Imagine the future cell phone with more computing power than today’s computers, with a wireless connection to an interactive chip on the lens of your eyeglasses, which will not only display information for you, but also track your eye movements, your hand gestures, and interpret these commands like Project Natal.
Technically, this is feasible today .By projecting images from your eyeglasses on to your retina, you will see an image several feet in front of you.
Now to this you add gesture recognition and interpretation from Microsoft’s project Natal. Just imagine what will you look like replying to an email with these data glasses and using hand gesture at an airport ?
Internet of 2020
Why blog about the Internet? Each individual may have their own reasoning, but I simply can’t live without it. For many of my friends, the withdrawal symptoms from the Internet are worse than abstaining from smoking or alcohol. I know that it is just a series of interconnected machines that are exchanging data packets, but still I cannot live without it.
The Internet is very young- seeded in 1962, but officially born in 1992. In early 2008, Vinton Cerf, the father of the internet, participated in the landing of a robot on the Martian North Pole – the first rover to carry communication protocols, protocols that expanded the Internet to interplanetary proportions. While NASA is spending billions extending the Internet to Mars, down here on Earth, I am still experiencing slow downloads of movies from Netflix.
I hope that the recently allocated $7.2 billion of stimulus money under American Recovery & Reinvestment Act to support the development of broadband capabilities across US will allow for a much faster and richer Internet surfing experience. A couple of years ago, many people started feeling that we already had enough processing power for email, Word and downloading YouTube videos, so that we no longer needed to upgrade. That reminded me of the famous quote from Charles H. Duell, commissioner of US patent office, “Everything that can be invented has been invented”. This perception and two consecutive recessions in a short period led to the stifling of investments in the Internet infrastructure in USA. But as more investments go in and more capabilities come online, a whole new set of new scenarios will come about which have not been envisioned yet. Who would have envisioned Xbox Live multiplayer games, multi-touch Windows, Project Natal, HD videos on YouTube, the iPod and iTunes just a decade or two ago?

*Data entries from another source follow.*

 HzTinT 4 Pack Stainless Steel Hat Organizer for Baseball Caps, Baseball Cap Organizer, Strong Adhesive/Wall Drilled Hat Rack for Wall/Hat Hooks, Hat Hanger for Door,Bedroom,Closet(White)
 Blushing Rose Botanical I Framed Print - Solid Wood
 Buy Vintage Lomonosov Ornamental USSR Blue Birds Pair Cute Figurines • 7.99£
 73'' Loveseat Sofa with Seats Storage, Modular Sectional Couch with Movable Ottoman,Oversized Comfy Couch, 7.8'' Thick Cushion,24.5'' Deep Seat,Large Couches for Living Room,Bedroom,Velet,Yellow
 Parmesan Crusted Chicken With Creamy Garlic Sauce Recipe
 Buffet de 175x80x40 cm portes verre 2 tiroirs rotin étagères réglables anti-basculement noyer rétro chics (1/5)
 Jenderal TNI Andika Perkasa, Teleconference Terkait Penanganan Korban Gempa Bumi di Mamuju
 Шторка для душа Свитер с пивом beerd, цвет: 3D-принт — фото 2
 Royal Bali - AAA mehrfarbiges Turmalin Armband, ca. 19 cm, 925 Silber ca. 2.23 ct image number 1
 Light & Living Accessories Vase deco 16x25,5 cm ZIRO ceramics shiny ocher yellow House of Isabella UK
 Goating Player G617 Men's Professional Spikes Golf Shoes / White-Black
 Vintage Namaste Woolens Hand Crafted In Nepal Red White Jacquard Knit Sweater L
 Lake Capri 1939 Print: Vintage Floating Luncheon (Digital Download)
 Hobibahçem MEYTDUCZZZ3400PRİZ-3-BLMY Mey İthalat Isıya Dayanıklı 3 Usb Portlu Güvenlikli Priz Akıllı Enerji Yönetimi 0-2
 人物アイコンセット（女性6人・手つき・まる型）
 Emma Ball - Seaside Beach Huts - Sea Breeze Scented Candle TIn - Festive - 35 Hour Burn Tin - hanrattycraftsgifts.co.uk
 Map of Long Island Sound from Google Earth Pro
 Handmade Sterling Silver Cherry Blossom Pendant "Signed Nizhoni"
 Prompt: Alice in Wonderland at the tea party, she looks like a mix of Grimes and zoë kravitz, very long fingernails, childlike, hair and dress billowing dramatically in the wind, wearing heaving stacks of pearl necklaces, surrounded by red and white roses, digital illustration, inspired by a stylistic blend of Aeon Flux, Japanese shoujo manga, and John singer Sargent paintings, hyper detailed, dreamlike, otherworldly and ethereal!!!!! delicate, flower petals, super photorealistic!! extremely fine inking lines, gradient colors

John D’Ambrosia of IEEE forecasted that Ethernet speed will be in terabit range by 2015.To put things in perspective, with 1 Gbps, I can download one hour of video in 16 seconds, and with 1 Tbps, it will be instantaneous. This kind of bandwidth can enable many new scenarios.
The frequent travelling that executives require to stay connected with their global operations will become less common as the Internet’s potential is developed. Technologies like tele-presence, tele-conferencing and virtual events will be more lifelike and provide a greater user experience. With the recent launch of 3D PC along with Windows 7, we can soon expect to have 3D TV and gaming in our living rooms.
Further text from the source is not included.